▶ Your goal
In the data that follows, find the line with "Pre Owned Zimmermann"; transcribe it, every later line up to the one with "Newshows Sommerkleid Damen", and that line as well, exactly and with no others.

▶ Records shown
^^^^^^^^^^^^^^^^

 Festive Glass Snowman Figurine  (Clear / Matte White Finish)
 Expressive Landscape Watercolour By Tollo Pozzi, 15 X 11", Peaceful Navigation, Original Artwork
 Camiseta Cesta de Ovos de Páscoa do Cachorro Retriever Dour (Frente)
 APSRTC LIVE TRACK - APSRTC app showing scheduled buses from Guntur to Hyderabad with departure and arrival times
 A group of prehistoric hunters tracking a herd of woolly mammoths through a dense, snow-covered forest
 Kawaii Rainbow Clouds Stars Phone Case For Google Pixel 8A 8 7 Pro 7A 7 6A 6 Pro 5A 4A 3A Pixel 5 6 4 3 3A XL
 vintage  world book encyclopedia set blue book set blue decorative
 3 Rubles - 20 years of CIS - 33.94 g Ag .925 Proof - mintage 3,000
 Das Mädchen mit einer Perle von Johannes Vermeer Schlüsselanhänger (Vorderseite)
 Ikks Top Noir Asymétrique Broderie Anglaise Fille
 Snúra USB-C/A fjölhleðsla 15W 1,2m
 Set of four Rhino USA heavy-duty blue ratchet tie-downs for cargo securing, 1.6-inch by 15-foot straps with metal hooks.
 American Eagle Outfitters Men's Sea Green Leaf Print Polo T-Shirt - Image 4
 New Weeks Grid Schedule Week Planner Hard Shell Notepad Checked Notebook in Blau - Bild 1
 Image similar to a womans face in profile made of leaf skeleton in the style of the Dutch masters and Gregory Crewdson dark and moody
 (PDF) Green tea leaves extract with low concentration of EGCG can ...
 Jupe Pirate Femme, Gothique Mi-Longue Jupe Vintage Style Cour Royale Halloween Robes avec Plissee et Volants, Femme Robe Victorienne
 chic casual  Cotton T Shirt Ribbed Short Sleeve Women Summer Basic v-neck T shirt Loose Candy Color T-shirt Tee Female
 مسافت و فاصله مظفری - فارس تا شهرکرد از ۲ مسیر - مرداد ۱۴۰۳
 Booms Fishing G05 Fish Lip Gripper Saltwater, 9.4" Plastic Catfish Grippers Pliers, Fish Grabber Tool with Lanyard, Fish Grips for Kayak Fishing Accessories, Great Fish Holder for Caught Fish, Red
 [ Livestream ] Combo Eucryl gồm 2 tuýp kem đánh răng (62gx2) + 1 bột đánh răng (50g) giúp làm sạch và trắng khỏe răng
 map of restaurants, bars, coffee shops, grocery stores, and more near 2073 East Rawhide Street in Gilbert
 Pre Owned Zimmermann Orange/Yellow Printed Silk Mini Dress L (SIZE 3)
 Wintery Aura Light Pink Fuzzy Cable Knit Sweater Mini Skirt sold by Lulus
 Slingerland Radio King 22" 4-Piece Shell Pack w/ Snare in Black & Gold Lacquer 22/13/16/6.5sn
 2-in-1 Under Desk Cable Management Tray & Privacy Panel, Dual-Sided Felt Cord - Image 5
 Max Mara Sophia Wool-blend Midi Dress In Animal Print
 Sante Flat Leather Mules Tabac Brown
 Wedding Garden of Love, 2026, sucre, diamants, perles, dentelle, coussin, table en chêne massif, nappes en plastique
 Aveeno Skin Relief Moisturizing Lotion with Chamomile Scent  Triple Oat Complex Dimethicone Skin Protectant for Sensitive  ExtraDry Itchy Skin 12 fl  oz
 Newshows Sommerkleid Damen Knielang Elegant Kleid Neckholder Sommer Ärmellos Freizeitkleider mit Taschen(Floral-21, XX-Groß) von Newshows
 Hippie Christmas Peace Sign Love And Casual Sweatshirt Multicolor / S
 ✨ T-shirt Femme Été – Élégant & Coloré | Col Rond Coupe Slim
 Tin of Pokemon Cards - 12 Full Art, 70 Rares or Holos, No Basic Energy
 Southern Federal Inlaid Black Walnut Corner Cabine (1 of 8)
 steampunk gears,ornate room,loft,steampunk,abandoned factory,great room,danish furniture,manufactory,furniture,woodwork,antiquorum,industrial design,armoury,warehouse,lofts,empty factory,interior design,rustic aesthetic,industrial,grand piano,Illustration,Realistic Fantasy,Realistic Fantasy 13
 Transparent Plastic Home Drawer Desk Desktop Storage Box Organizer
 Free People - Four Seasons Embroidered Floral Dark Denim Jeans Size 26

^^^^^^^^^^^^^^^^

▶ Answer section
 Pre Owned Zimmermann Orange/Yellow Printed Silk Mini Dress L (SIZE 3)
 Wintery Aura Light Pink Fuzzy Cable Knit Sweater Mini Skirt sold by Lulus
 Slingerland Radio King 22" 4-Piece Shell Pack w/ Snare in Black & Gold Lacquer 22/13/16/6.5sn
 2-in-1 Under Desk Cable Management Tray & Privacy Panel, Dual-Sided Felt Cord - Image 5
 Max Mara Sophia Wool-blend Midi Dress In Animal Print
 Sante Flat Leather Mules Tabac Brown
 Wedding Garden of Love, 2026, sucre, diamants, perles, dentelle, coussin, table en chêne massif, nappes en plastique
 Aveeno Skin Relief Moisturizing Lotion with Chamomile Scent  Triple Oat Complex Dimethicone Skin Protectant for Sensitive  ExtraDry Itchy Skin 12 fl  oz
 Newshows Sommerkleid Damen Knielang Elegant Kleid Neckholder Sommer Ärmellos Freizeitkleider mit Taschen(Floral-21, XX-Groß) von Newshows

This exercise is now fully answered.